Woodchurch Marriages 1538-1978
Marriages before 1837
The extent of the information provided for each marriage before 1837 varied enormously. Sometimes the barest details, sometimes large amounts filling a paragraph. It appeared to depend on the whim of the curate or scribe at the time. Where other records such as Banns, Marriage Licences and Bishop’s Transcripts, provided useful additional information for genealogists that may not have been included in the Marriage Register; information such as the abode of the parties at the time, marital status, occupation of the groom, age of both parties, signature of the groom and very occasionally the bride, names and abode of parents and whether one or both parents were alive or dead, this has been included. As always, the amount of additional information is variable. If the parish register writer; a clerk, the churchwarden, curate or minister included anything in brackets, this is shown in round brackets ( ). The use of square brackets [ ] shows where the transcribers have found something additional that they hope will be useful to readers tracing their ancestors.
The references for these records are:
There was a gap in the originals from 1576-1584 and the English Civil War 1642-1651 and Commonwealth 1652-1660 periods were patchy. The two transcribers endeavoured to fill the 16th Century gap from original Bishop's Transcripts held by Canterbury Cathedral Archives but these too were not continuous.

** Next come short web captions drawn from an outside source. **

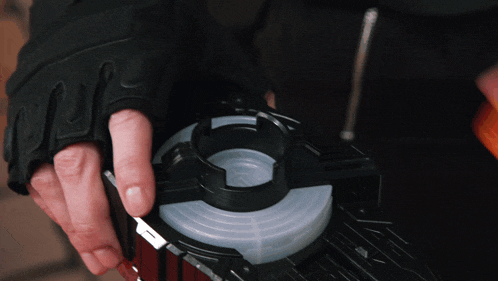 a person wearing black gloves is holding a screwdriver in their hand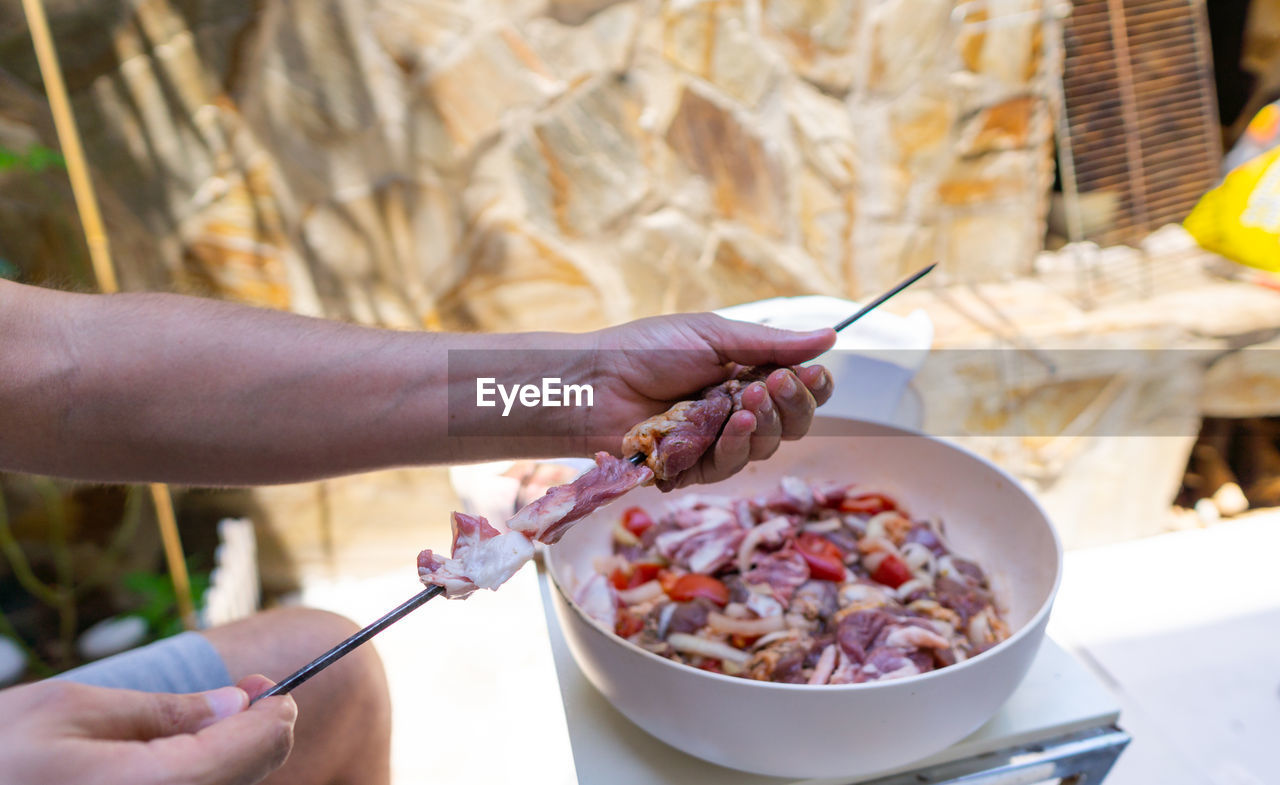 Hands of a man putting meat on skewer for barbecue. close-up image of uncooked meat on skewer.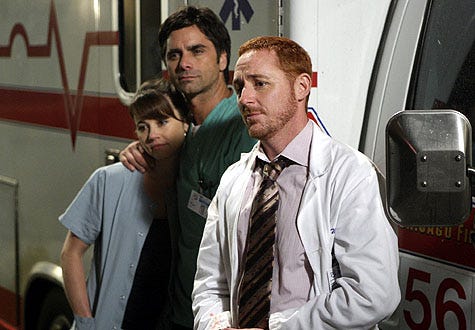 ER - Season 15, "The Book of Abby" - Linda Cardellini as Samantha Taggart, John Stamos as Tony Gates, Scott Grimes as Dr. Archie Morris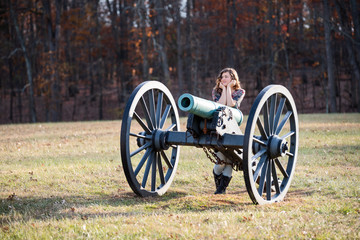 Young woman standing by old cannon in Manassas National Battlefield Park in Virginia where Bull Run...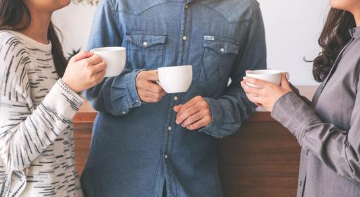 people standing holding mugs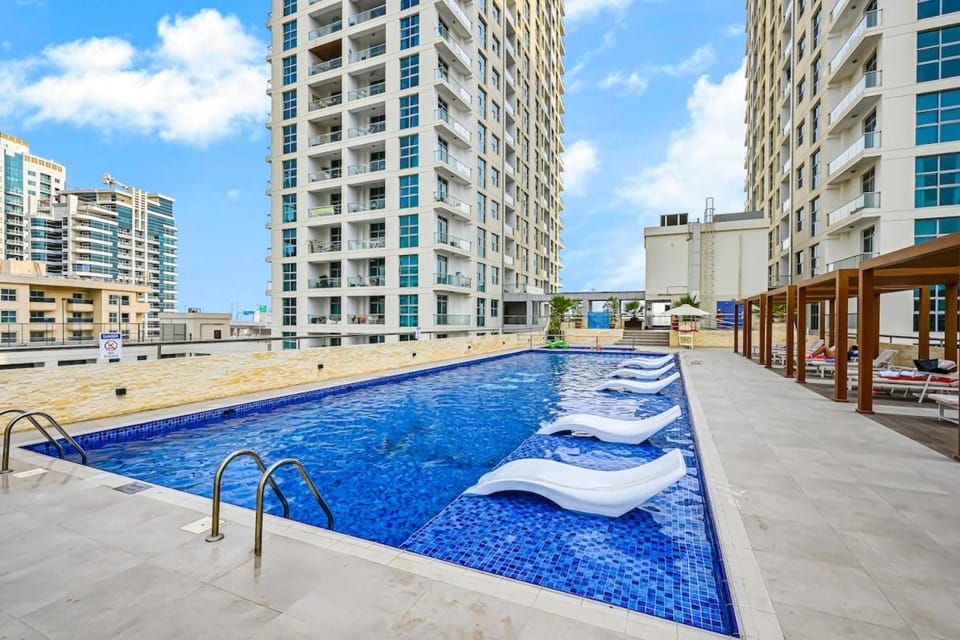 Property building, Patio, Day, City view, Pool view, Swimming pool, sunbed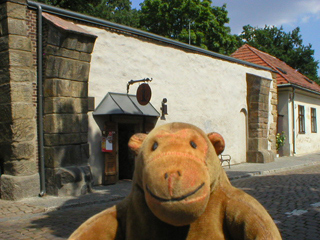 Mr Monkey looking at the remains of the Špička Gate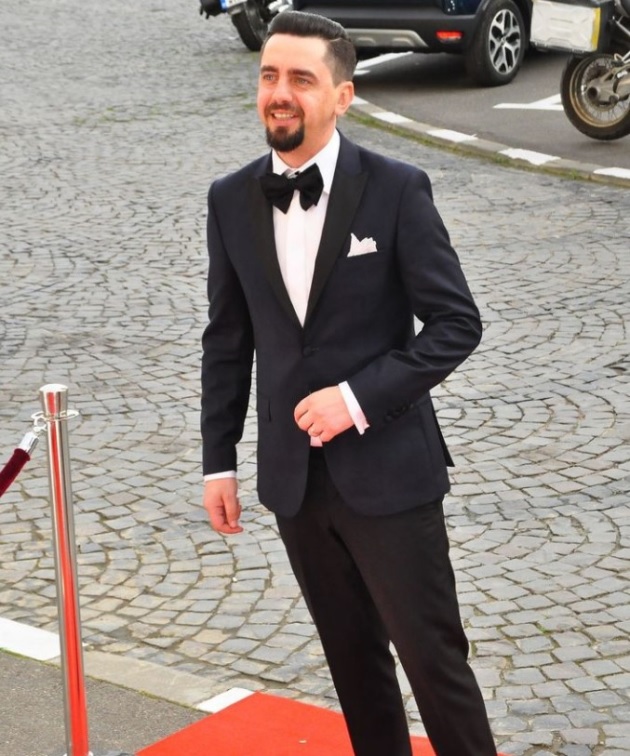 Cosmin Natanticu îmbrăcat la costum pe un covor roșu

The database is not an absolutely true copy of the originals due to the limited functionality of the database software. Much of the early writing was in Secretary script, abbreviated, contracted or suspended. There was widespread use of superscript letters. To aid identification and ensure that every marriage was included, each page has been numbered and each marriage on each page also numbered. In interpreting and transcribing the entries, Bob and Josie aimed their efforts at genealogists rather than palaeographers. Researchers should always check the original registers. The early records, 1538-1598, were transcribed themselves into the register in about 1598 from pieces of paper or parchment kept in the parish chest. This change resulted from an Order in Council from Queen Elizabeth I. The original records have not survived. The Curate of All Saints in 1598, Meredith Madey, may not have known those married in the early years and it appears he found the handwriting, at times, as difficult to read as Bob and Josie did. He was paid £2 for doing this. While the majority of forenames were recognizable, many of the surnames were not. After this period the quality improved.